© E. Alana James, Ed.D.
When I think about my childhood home I think about snow.
Sometimes lovely amounts of it, over a metre of it, never perhaps higher than my head, but the snowmen could be, the snow forts could be. Crouched behind a wall of packed snow, ready aim and fire! Our pyramid shaped pile of potential missiles at hand waiting for the next unsuspecting kid (you got in trouble if you hit an adult). This is how I remember growing up in Colorado.
Snapshots fly past my consciousness: all decked out in a snowsuit, mittens with yarn pinned to my coat so I would not lose them. Trudging in red rubber boots the two blocks to school, all the world white. A few trees would have cracked under the weight, the parents in THAT house hadn't come out in the middle of the night with a broom to knock off the heavy wet powdery flakes.
The school house was yellow brick, except for the "old building" (built in the 1930's) that was red and had the exotic addition of a fire escape down the outside of one wall.
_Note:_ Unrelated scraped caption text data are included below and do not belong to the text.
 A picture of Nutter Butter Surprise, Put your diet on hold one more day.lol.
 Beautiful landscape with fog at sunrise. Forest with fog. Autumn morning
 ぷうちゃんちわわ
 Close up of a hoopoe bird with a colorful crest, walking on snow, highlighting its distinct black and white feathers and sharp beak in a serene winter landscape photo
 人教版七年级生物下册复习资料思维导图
The playground was large enough to have one section for hopscotch, and tether ball, with a set of metal rungs set high off the ground that we would swing from one to another like Tarzan. The rest of the grounds were dirt and used by us for physical education where we played kick ball, baseball, and other games I no longer remember.
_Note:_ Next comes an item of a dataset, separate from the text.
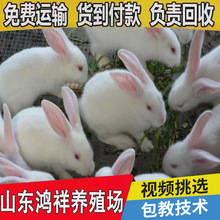 大型肉兔养殖场 低价促销高产活体肉兔 送货上门 活体肉兔价格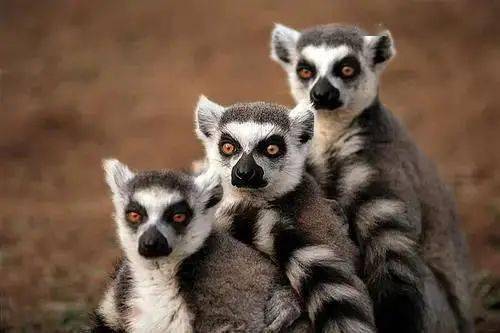 热点剖析:技巧敏捷对应那种动物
As quickly though as I think of school, I think of the "school store." A small frame building across the alley, and ostensibly where they sold paper, pencils and supplies – but REALLY they sold candy. Hard pastel disks like buttons strung on an elastic band, these were candy necklaces and bracelets that we could wear to school and sneak a munch throughout the day when the teacher wasn't looking. Straws filled with sour/sweet powders that came in cherry, strawberry, etc. They left the tell tail sign of a bright red tongue and mouth. Maybe there were Snickers Bars, or maybe, as memories do they are tangled up in my brain they really came in at a later time. Whichever, they remain a favorite today.
I had one really good friend, Louise and she had two other friends - who sort of included me (since we all lived close). Together we traversed the times from six years to the time we were teens when we drifted apart. It was good to have a few people that were constant as we maneuvered our way through growing up. We learned that life could change quickly as when Louise's mom had a baby. Her household completely readjusted from a focus on teenagers to infants.
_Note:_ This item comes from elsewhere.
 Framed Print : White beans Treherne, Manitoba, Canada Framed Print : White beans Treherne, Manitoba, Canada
Occasionally we faced real danger (some bigger in reality than we knew at the time). Jenny had a man expose himself to her as she walked home from school. One girl had a brother who sold pot. The most danger I was in was sneaking out of the house in the middle of the night. Thank heavens I got caught as the boy I was going out to see was much older than I was and it could have been trouble.
Inside my childhood home was mostly consistent rules and ways of going about life. Breakfast at 6am and we all had to be dressed and ready. Dinner at half six in the evening was much the same. By the end of the 1950's we had a black and white TV with a picture that sometimes rolled or split into lines. By the time I was old enough to remember, half of our dinners were on TV trays watching an entertaining show. "Car 54 Where Are You?" stands out in my mind as one of the funnier ones, but "Leave It To Beaver," and the "Lucille Ball Show" were the classics even in their own time. There were the westerns too, as these were the John Wayne days and many girls my age secretly wanted to marry Hoss, Adam or Little Joe Cartwright.
If I was good and got ready for school a little early, Mom would read to me from the OZ books, Dorothy and the Wizard in twenty or more places romping with highly unlikely characters such as Pumpkin Head, Ozma and the Gnome King. Setting another life long habit I fell in love with fantasy characters and learned to appreciate the real life lessons that come easily through non real settings.
At the end of the day it was the seasons though the defined the backdrop of all the memories and winter more than any. The biting cold on my face as I walked. The shivers and screams as snow fell off a tree, or was stuffed by some unruly male classmate, down the back of my shirt. Little tiny skis made out of plastic that hooked with a bungee cord set up around my boots and my attempts to take them down the hill at the front of the house without running into the street. The relief of coming into the warm house after having gotten cold while playing. Topping these all though is the joy of the last melt, the buds of the crocus underneath and the heralding of spring.